Due to a weak muscle
Unilateral Superior Oblique Paresis
Hypertropia that increases on adduction to the contralateral side and head tilt to the side of the affected muscle. Ex.: Left superior oblique paresis causes a left hypertropia on right gaze and head tilt to the left.
Other features: Mild extorsion (<10º); compensatory head tilt to the contralateral side and face turn towards the contralateral shoulder, sometimes associated with a facial asymmetry; contralateral inferior rectus overaction (“fallen eye’’); large vertical fusional amplitudes when congenital.

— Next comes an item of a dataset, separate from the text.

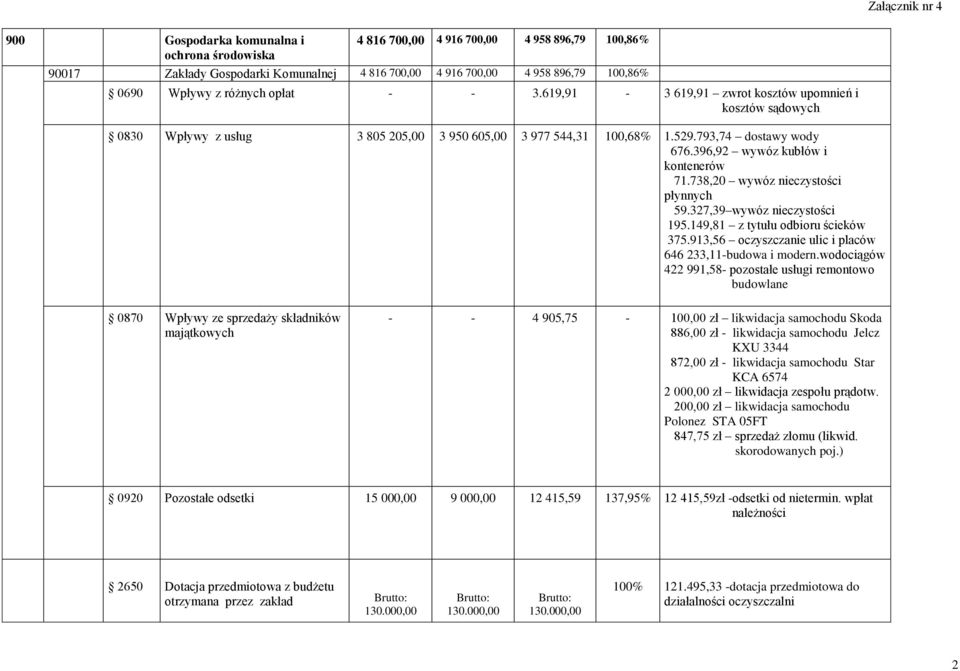 396,92 wywóz kubłów i kontenerów 71.738,20 wywóz nieczystości płynnych 59.327,39 wywóz nieczystości 195.149,81 z tytułu odbioru ścieków 375.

- Congenital and traumatic causes are the most frequent (Congenital causes are frequently due to absent trochlear nerves, muscle hypoplasias or tendon laxity but muscle/tendon agenesis has also been described. Symptoms sometimes arise in late childhood or middle age. If traumatic, it is bilateral until proven otherwise.)

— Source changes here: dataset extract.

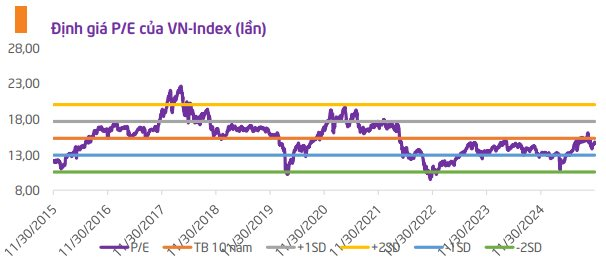 CTCK dự báo 3 kịch bản cho VN-Index tháng 12, chỉ tên nhóm cổ phiếu có triển vọng tích cực- Ảnh 2.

- Neurologic (ex.: Myasthenia gravis)
- Iatrogenic (ex.: Slipped muscle; following tenotomy or tenectomy procedures)
- Diabetic mononeuropathy
- Viral (ex.: Herpes zoster)
- Nasal sinus affections (ex.: Mucocele)
Bilateral Superior Oblique Paresis
Left hypertropia in right gaze, right hypertropia in left gaze, the hypertropia is less evident than in unilateral superior oblique paresis.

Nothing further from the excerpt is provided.